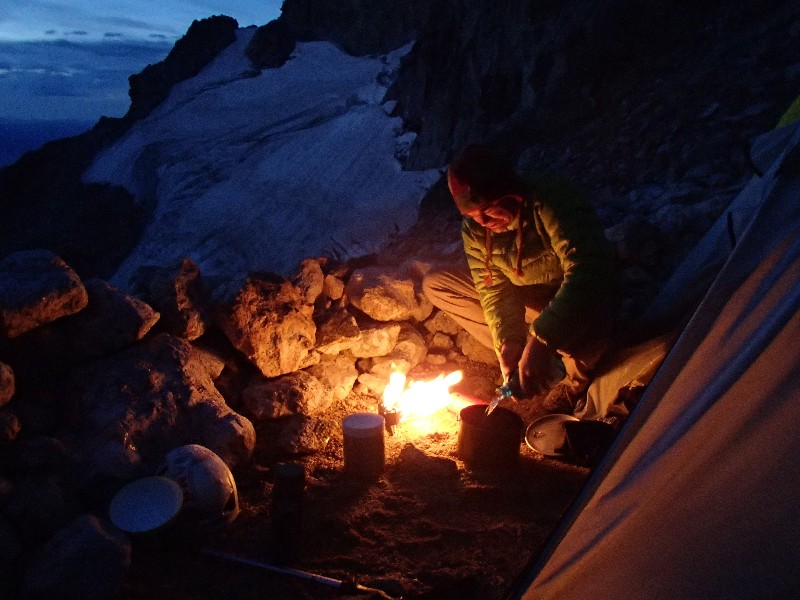 Ernie preparing an eraly morning breakfast with Middle Teton glacier in background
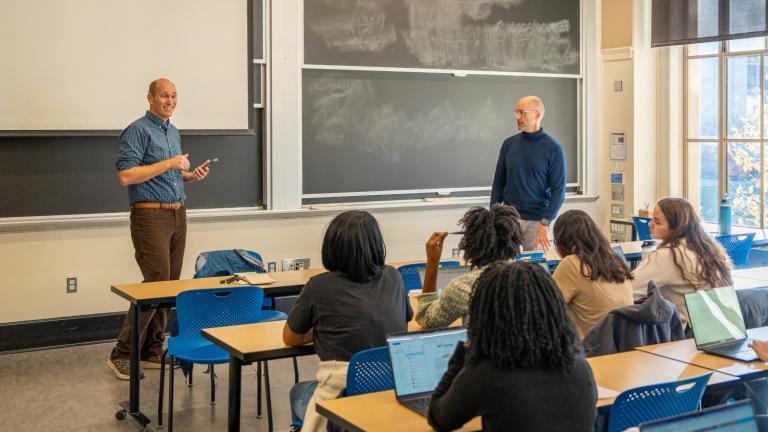 Class STS.059 (The Bioeconomy and Society) is taught jointly by professor of biological engineering Mark Bathe (standing, right) and associate professor of science, technology, and society Robin Wolfe Scheffler (standing, left). 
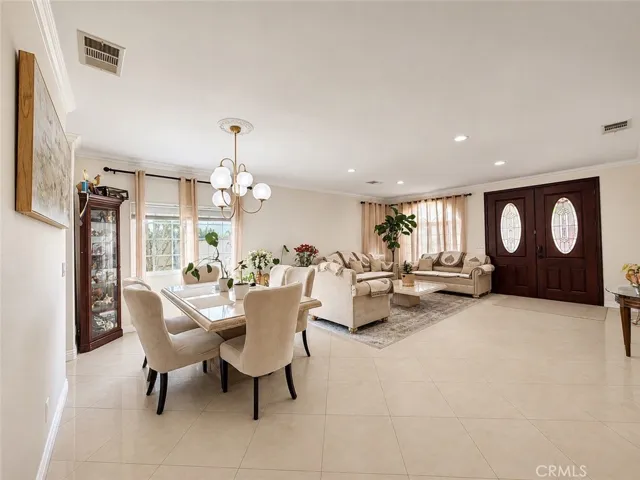 Gracious living at its finest. Double doors at the entrance with stained glass accents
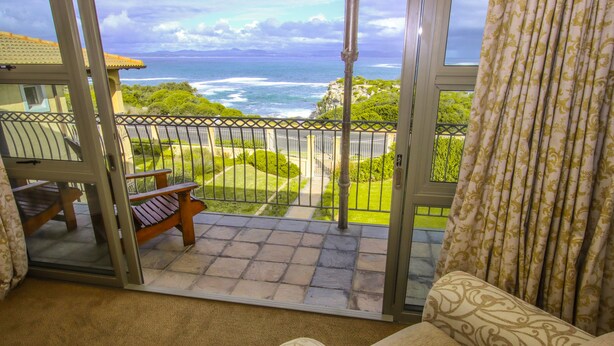 Un balcon avec vue sur l’océan, une chaise et un rideau à motifs.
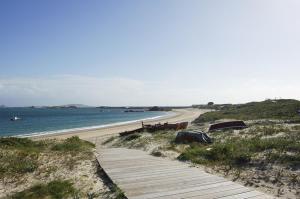 a beach with a wooden path and the ocean at CAROLA l, "Encantador apartamento de estilo marinero a 100m playa Catia" in Ribeira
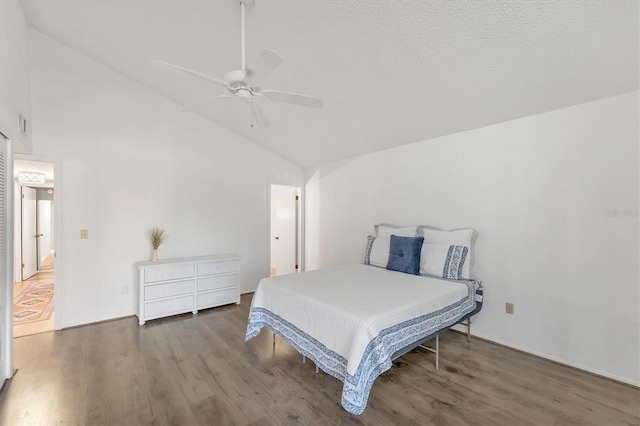 bedroom featuring hardwood / wood-style flooring, high vaulted ceiling, and ceiling fan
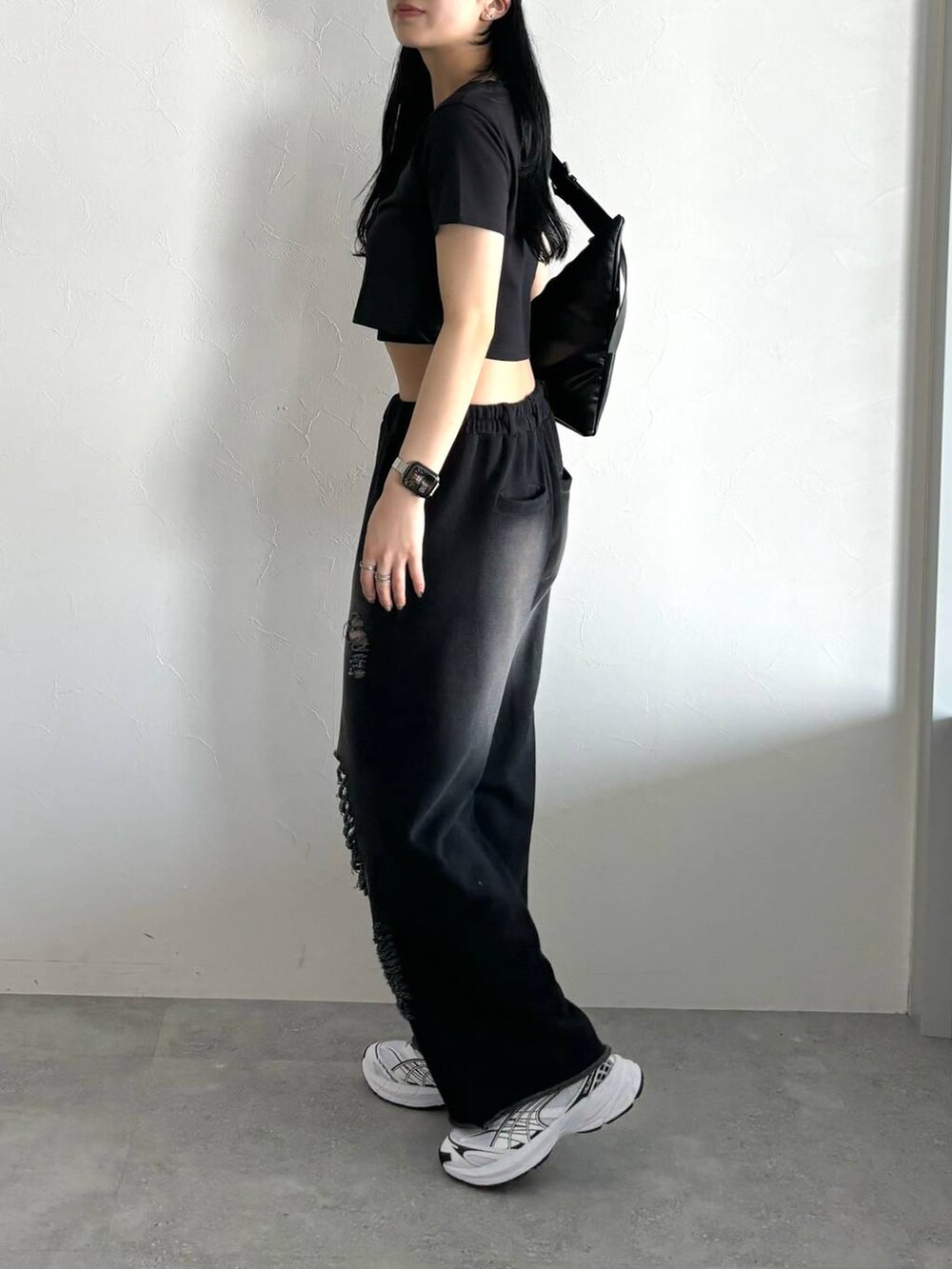 ブラック系のスウェットパンツ、ブラック系のTシャツ/カットソー、ブラック系のショルダーバッグを着用したレディースの春コーディネートの4枚目の写真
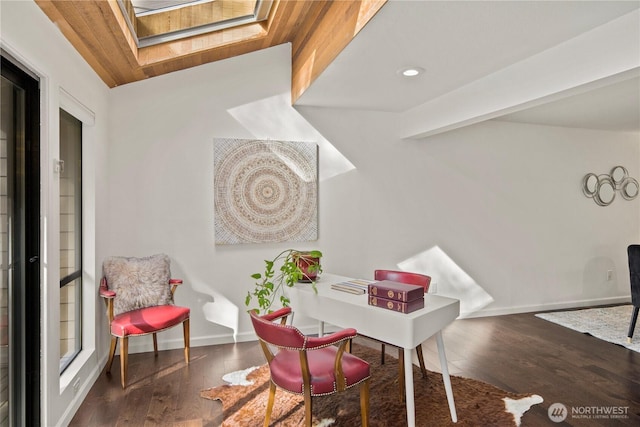 office space featuring a skylight, recessed lighting, baseboards, and wood finished floors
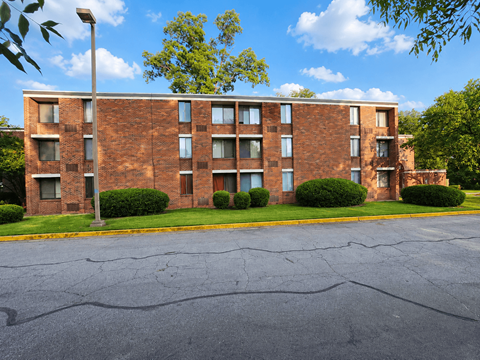 A large brick building with a parking lot in front.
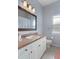 Clean bathroom with a single sink vanity, a toilet, and a shower/tub combo at 2342 Edelweiss Loop, Trinity, FL 34655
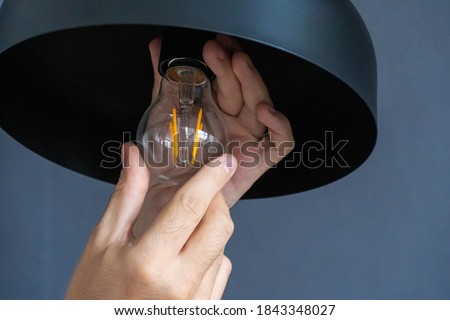 Close-up. A hand changes a light bulb in a stylish loft lamp. Spiral filament lamp. Modern interior decor Royalty-Free Stock Photo #1843348027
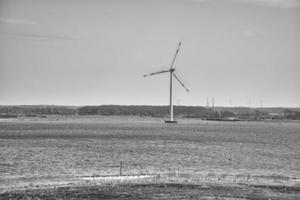 offshore wind turbine in black white. Green energy of the future. Renewable power supply photo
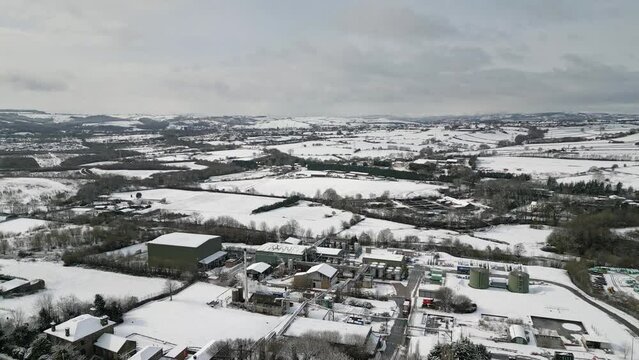 Urban Winter Scene. Aerial Drone Video Footage showing a snowy landscape in a suburban UK town.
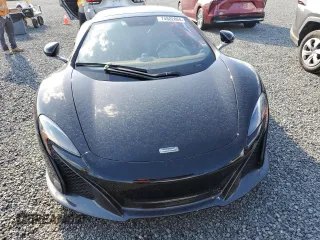 2015 McLaren 650S z VIN SBM11FAA3FW004388, wystawiony jako Copart lot #74802864 z przebiegiem Nie podano mil oraz Szkody całkowita. Historia ofert i sprzedaży dostępna na DreamBid. Obrazek 5.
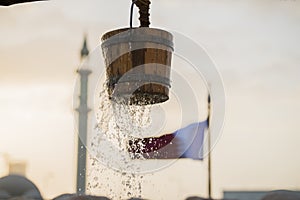 Water leaks from a wooden bucket on an old well in Doha,Qatar.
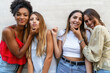 © Lomb - Four smiling friends having fun making silly faces against a light wall.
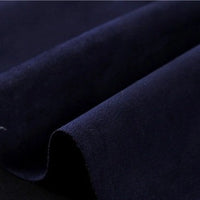 A close-up of Longan Craft’s Heavyweight Microfiber Faux Suede Fabric by the yard in dark navy, highlighting the soft, brushed microfiber texture and subtle sheen of the multicolor imitation suede material, with gentle diagonal folds visible across the surface—ideal for DIY clothing projects.
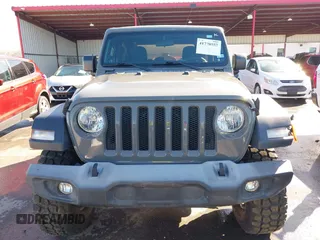 2018 Jeep Wrangler Sport S with VIN 1C4GJXAG4JW283209, listed as a IAAI auction lot 41770557 with 34,041 mi miles and . Bid and sale history available at DreamBid. Image 12.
_ _ _ _ _ _ _
> WHAT THIS TASK INVOLVES
Output an exact copy of the material, with the pictures removed.

> EXERCISE RESULT
 Ernie preparing an eraly morning breakfast with Middle Teton glacier in background
 Class STS.059 (The Bioeconomy and Society) is taught jointly by professor of biological engineering Mark Bathe (standing, right) and associate professor of science, technology, and society Robin Wolfe Scheffler (standing, left). 
 Gracious living at its finest. Double doors at the entrance with stained glass accents
 Un balcon avec vue sur l’océan, une chaise et un rideau à motifs.
 a beach with a wooden path and the ocean at CAROLA l, "Encantador apartamento de estilo marinero a 100m playa Catia" in Ribeira
 bedroom featuring hardwood / wood-style flooring, high vaulted ceiling, and ceiling fan
 ブラック系のスウェットパンツ、ブラック系のTシャツ/カットソー、ブラック系のショルダーバッグを着用したレディースの春コーディネートの4枚目の写真
 office space featuring a skylight, recessed lighting, baseboards, and wood finished floors
 A large brick building with a parking lot in front.
 Clean bathroom with a single sink vanity, a toilet, and a shower/tub combo at 2342 Edelweiss Loop, Trinity, FL 34655
 Close-up. A hand changes a light bulb in a stylish loft lamp. Spiral filament lamp. Modern interior decor Royalty-Free Stock Photo #1843348027
 offshore wind turbine in black white. Green energy of the future. Renewable power supply photo
 Urban Winter Scene. Aerial Drone Video Footage showing a snowy landscape in a suburban UK town.
 2015 McLaren 650S z VIN SBM11FAA3FW004388, wystawiony jako Copart lot #74802864 z przebiegiem Nie podano mil oraz Szkody całkowita. Historia ofert i sprzedaży dostępna na DreamBid. Obrazek 5.
 Water leaks from a wooden bucket on an old well in Doha,Qatar.
 © Lomb - Four smiling friends having fun making silly faces against a light wall.
 A close-up of Longan Craft’s Heavyweight Microfiber Faux Suede Fabric by the yard in dark navy, highlighting the soft, brushed microfiber texture and subtle sheen of the multicolor imitation suede material, with gentle diagonal folds visible across the surface—ideal for DIY clothing projects.
 2018 Jeep Wrangler Sport S with VIN 1C4GJXAG4JW283209, listed as a IAAI auction lot 41770557 with 34,041 mi miles and . Bid and sale history available at DreamBid. Image 12.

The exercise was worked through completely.